This article is not really about gun rights vs. "gun control"--it is about the supposed danger of the internet fostering extremism (but don't worry--the gun issue works its way into the discussion).
Experts in the US are warning that as the internet becomes increasingly sophisticated people are using it to create their own worlds. Using filtering techniques they can block out everything they dislike and hear only what they want to hear and see only what they want to see.The article frequently quotes Professor Cass Sunstein, of the University of Chicago Law School. As an example of the internet fostering "extremism," Sunstein points to that most infamous of "extremist organizations," the NRA:
He also looked at the National Rifle Association (NRA).It is perhaps not surprising that Sunstein is concerned about opponents of draconian gun laws organizing their arguments on the internet--his own leanings with regard to that debate are fairly clear (also read Nicki's superb demolition of that piece).
"A group whose members lean against gun control will, in discussion, provide a wide range of arguments against gun control, and the arguments made for gun control will be both fewer and weaker. The group's members, to the extent that they shift, will shift toward a more extreme position against gun control,” says the professor.

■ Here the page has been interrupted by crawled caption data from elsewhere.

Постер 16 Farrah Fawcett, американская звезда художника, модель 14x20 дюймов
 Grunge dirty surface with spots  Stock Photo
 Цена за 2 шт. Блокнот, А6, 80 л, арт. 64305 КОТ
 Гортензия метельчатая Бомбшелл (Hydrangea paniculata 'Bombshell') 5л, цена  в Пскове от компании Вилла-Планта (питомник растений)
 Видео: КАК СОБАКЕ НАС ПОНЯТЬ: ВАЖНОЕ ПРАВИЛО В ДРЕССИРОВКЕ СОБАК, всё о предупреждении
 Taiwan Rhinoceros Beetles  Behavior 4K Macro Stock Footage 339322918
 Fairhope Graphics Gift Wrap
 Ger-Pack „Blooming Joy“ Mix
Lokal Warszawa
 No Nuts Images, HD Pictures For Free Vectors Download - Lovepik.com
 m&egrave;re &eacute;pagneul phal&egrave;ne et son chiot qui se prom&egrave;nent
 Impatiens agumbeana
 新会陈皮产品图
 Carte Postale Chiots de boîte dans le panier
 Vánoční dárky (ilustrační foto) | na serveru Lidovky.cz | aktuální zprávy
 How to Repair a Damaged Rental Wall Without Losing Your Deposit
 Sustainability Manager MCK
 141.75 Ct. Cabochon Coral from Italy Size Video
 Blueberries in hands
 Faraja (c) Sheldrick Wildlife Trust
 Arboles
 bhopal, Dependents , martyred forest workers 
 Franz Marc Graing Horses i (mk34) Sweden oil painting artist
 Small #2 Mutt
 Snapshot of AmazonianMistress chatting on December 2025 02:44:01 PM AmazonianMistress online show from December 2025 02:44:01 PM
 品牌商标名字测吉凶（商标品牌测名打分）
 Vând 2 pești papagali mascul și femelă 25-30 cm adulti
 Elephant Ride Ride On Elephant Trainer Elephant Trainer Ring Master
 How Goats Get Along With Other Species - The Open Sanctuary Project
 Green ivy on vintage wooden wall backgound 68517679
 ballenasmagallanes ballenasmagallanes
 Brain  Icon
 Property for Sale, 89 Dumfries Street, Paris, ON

It is in this vein that Sunstein sees the advent of the personalisation of information via the Internet as such a threat.
The problem with that thinking, Cass, is that wherever one goes, "the arguments made for gun control will be both fewer and weaker"--that's simply the nature of a position that lacks grounding in facts and logic.
In fact, I (and many of my like-minded compatriots) actively seek out arguments in favor of more restrictive gun laws (it being rather difficult to debunk what the other side is saying, without knowing what the other side is saying). The very weakness of the arguments advanced by the citizen disarmament advocates has done at least as much to push me into the gun rights advocacy camp as has what I have seen from people on my side.
Besides, is pro-rights "extremism" such a bad thing? Barry Goldwater didn't seem to think so, and I have a sneaky suspicion that the Founding Fathers didn't, either.
Oh--almost forgot about this little gem:
He also says people who set up websites should be encouraged as a matter of course to set up links to sites with differing views and adds that government regulation of such a system is worth considering.Because if defenders of the Second Amendment use the rights protected by the First Amendment too effectively, we'll just have to put a stop to it--right, Cass?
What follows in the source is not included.